Efficient Formulation of Collision Avoidance Constraints in Optimization Based Trajectory Planning and Control

To be applicable to real world scenarios trajectory planning schemes for mobile autonomous systems must be able to efficiently deal with obstacles in the area of operation. In the context of optimization based trajectory planning and control a number of different approaches to formulate collision avoidance constraints can be found in the literature. Here the contribution of the present work is twofold. First, the most popular methods to represent obstacles are summarized, namely the simple ellipsoidal representation, the constructive solid geometry (CSG) method as well as a direct and an indirect implementation of a signed distance based approach. The formulations are characterized with respect to the impact on the complexity of the optimization problem, as well as the ability to meet different problem requirements. Second, this work presents a novel variant of the CSG method to describe collision avoidance constraints.
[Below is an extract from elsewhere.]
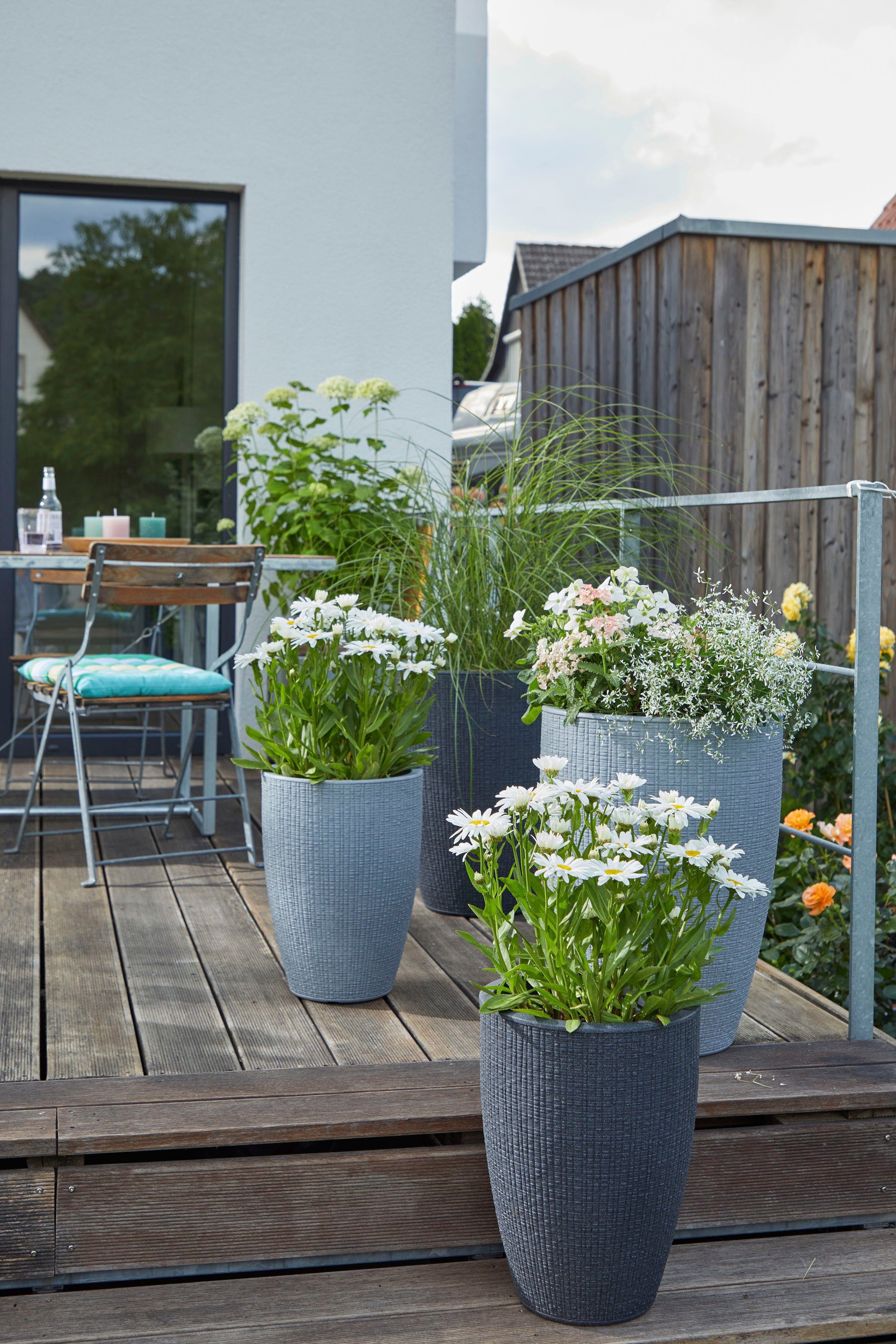 Scheurich Blumentopf 40/299 BARCEO HIGH günstig online kaufen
It is highly efficient due to a very low number of nonlinear inequality constraints required for a given number of obstacles and sample points and in contrast to the original CSG formulation allows to consider the controlled system's shape. The good performance of the proposed formulation is demonstrated by a comparison to the previously mentioned alternatives. To this end optimal trajectory planning for marine surface vessels formulated as a nonlinear programming problem is used as a benchmark example where the scenario is designed based on the maritime test field in Kiel, Germany.